16 Nisan 2012 Pazartesi

Suriye'de hukuk ve insan hakları ihlali nereye kadar

 



Tunus’la başlayan Kuzey Afrika ve Ortadoğu ülkelerinin bir kısmını kapsayan rejim aleyhtarı ayaklanmanın şu andaki son durağı olan Suriye’deki çatışmalar hız kesmeden etkisini artırarak sürdürüyor. Bu kötü gidişin neticesi olarak ülkemize Suriye’den gelen sığınmacıların sayısı 25,000’e ulaşmış.

Yakın sınır komşumuz olduğu kadar, çeşitli yönlerden yakın bağlarımızın da olduğu Suriye’yle asırlar boyunca süren birlikteliğimizin tabii bir sonucu olarak, ülkemiz bu ülkenin zülüm yönetiminden kaçarak canlarını kurtaranlara kapılarını açarak insani görevini yerine getirmekte...

Rejim muhalefetiyle ayaklanmaların yaşandığı bölgedeki diğer ülkeler, Suriye gibi fazla kargaşa yaşamadan rejim değişikliğini gerçekleştirip nispeten huzura kavuşmuşlar. Henüz tam manasıyla geçiş dönemini tamamlayıp normal döneme geçmemiş olsalar da önemli mesafe kat etmiş oldukları görünüyor.

Suriye’deki belirsizlik ise etkisini sürdürüyor.

Ülkede yaşanan sıkıntılı duruma çözüm bulmak amacıyla elçi olarak görevlendirilen eski Birleşmiş Miletler genel sekreteri Kofi Annan’ın görüşmeleri sonucunda alınan ve ‘Annan Planı’ olarak isimlendirilen 6 maddelik plan gereği Suriye askerlerini şehirlerden çekmesi bekleniyordu. Ancak görünürde bu planın işlerlik kazanmadığı ve savunmasız sivil halkın üzerine ağır silahlarla saldırıların sürdüğü gözleniyor.

Suriye'den istenen ve beklenen haksız yere savunmasız insanların öldürülmesinin durdurulması ve demokratik ülkelerde yapılan seçimlerin düzenlenerek iş başına seçimle meşruiyet kazanmış bir yönetimin gelmesini sağlamak.
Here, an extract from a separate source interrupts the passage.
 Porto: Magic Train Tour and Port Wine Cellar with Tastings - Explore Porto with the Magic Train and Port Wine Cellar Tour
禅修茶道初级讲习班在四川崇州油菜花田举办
Suriye halkının isteği adil ve demokratik usullerle yönetime katılmak.

Suriye yönetimi bu isteklere yönelik adım atmadığı sürece ülkeye huzur ve güvenin gelmesi uzun zaman alacak ve ne yazık ki masum insanların haksız yere ölmeleri devam edecek.

Uluslararası toplum ve Birleşmiş Milletler Suriye konusunda göründüğü kadarıyla kararlı bir irade ortaya koymuş görünmüyor. Daha basit meselelere gösterdiği hassasiyet ve ciddiyeti Suriye konusunda görmek ne yazık ki mümkün görünmüyor.

Rusya, İran ve Çin’in Suriye yönetimini desteklemesi nedeniyle Suriye’deki muhalifler ve savunmasız halk mevcut yönetimin sınır tanımaz ölüm saçan saldırılarına maruz kalmaya devam edecek.

Suriye’nin konumunun Lübnan’dan farklı olduğu, NATO’nun direkt müdahalesinin olmadığı gibi, muhalif güçler de kendilerini savunacak yeterli bir lojistik desteğe sahip değiller.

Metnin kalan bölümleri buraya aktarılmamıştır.